Records drawn from a dataset:
----

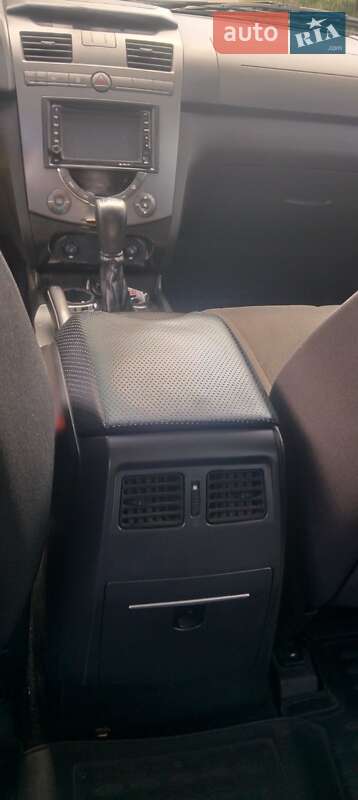 Позашляховик / Кросовер SsangYong Rexton 2012 в Броварах
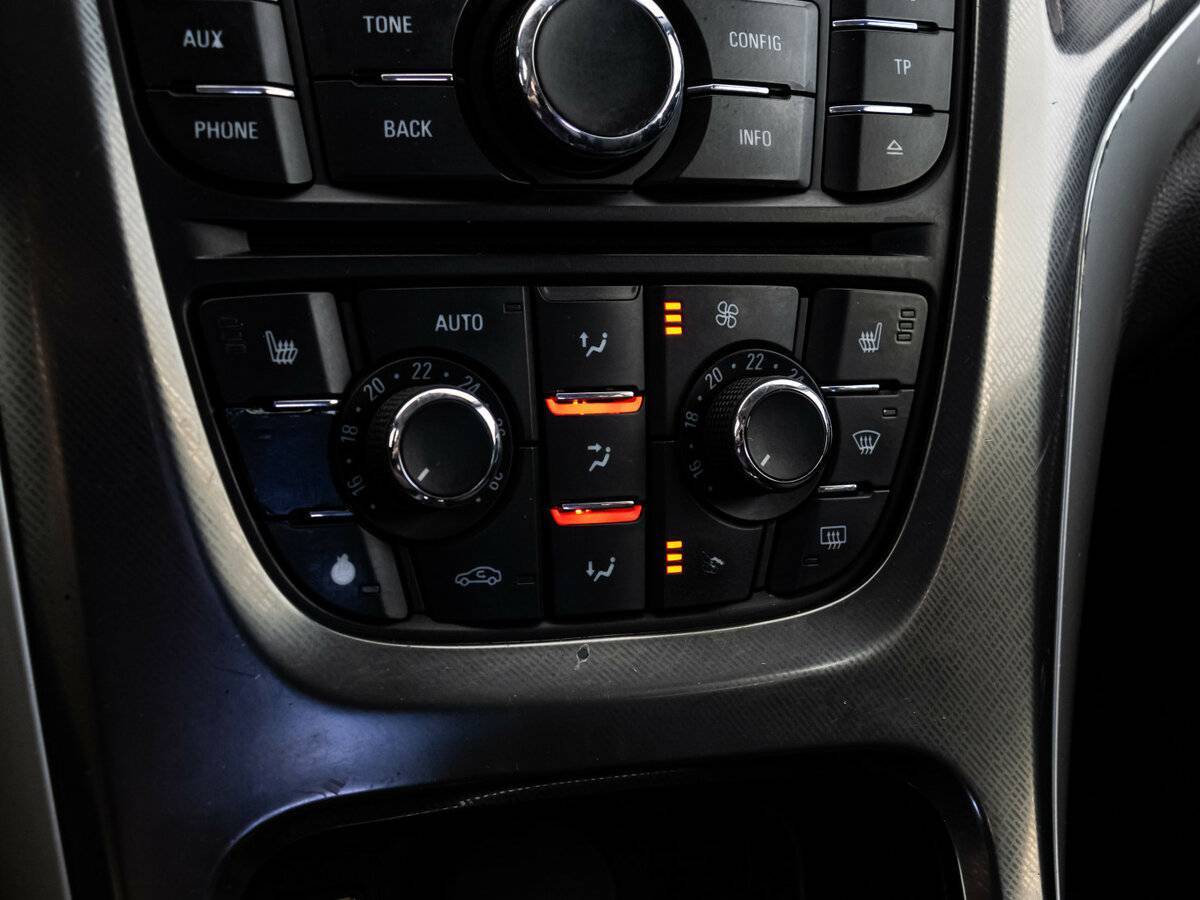 Купить Opel Astra, 2011, 153 174 км, фото №12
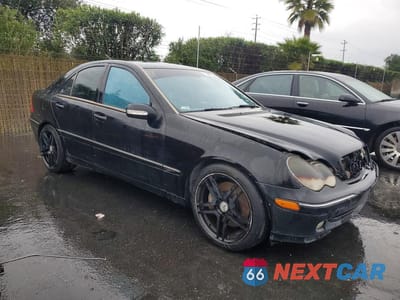 Czwarte zdjęcie samochodu z boku: 2004 MERCEDES-BENZ C 230K SPORT SEDAN VIN:WDBRF40J94A630636 - miniatura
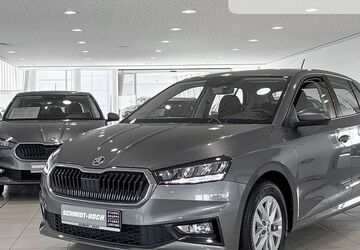 Skoda Fabia 57.445 km 14.740 &euro; Bremen 28207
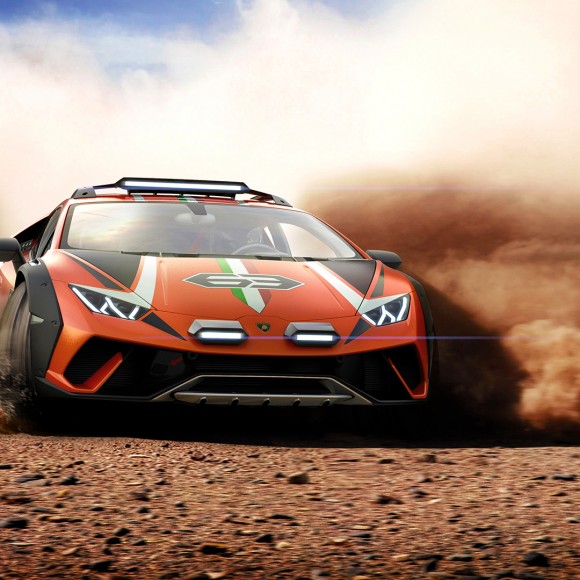 Automobili Lamborghini покоряет новые вершины.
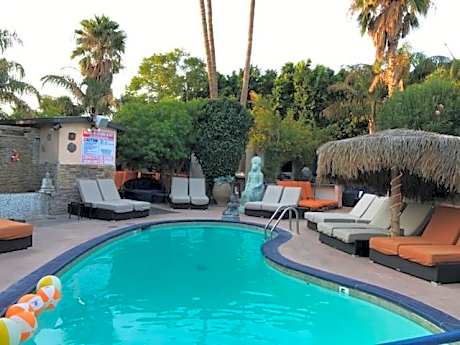 Sea Mountain Nude Resort & Spa Hotel - Adults Only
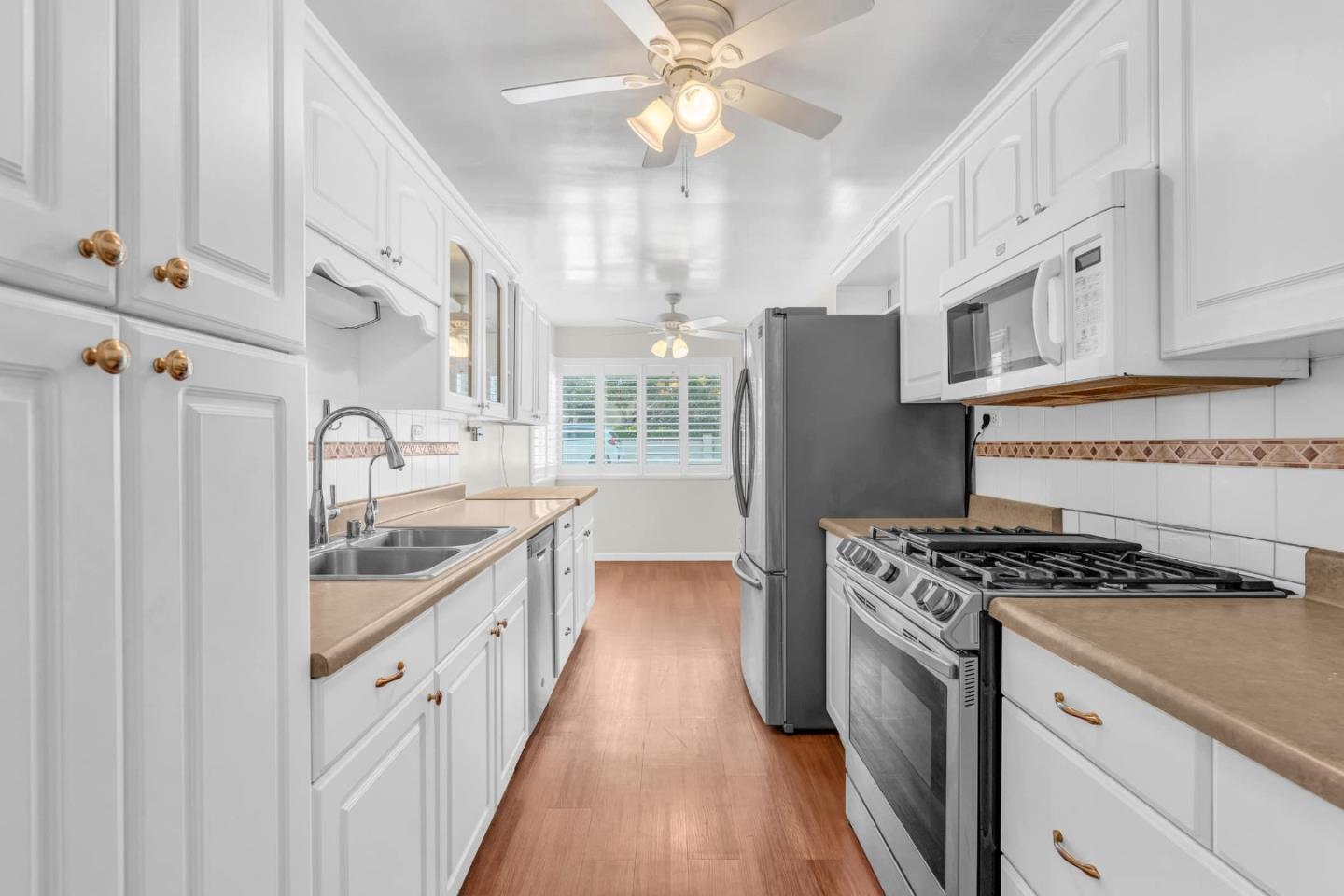 1425 Luxton Street, SEASIDE, CA 93955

----

> **Description of the task**
No pictures belong in the copy: reproduce exactly the lines above from the one that contains "Skoda Fabia 57.445" through the last line of the entries.

> **Answer section**
 Skoda Fabia 57.445 km 14.740 &euro; Bremen 28207
 Automobili Lamborghini покоряет новые вершины.
 Sea Mountain Nude Resort & Spa Hotel - Adults Only
 1425 Luxton Street, SEASIDE, CA 93955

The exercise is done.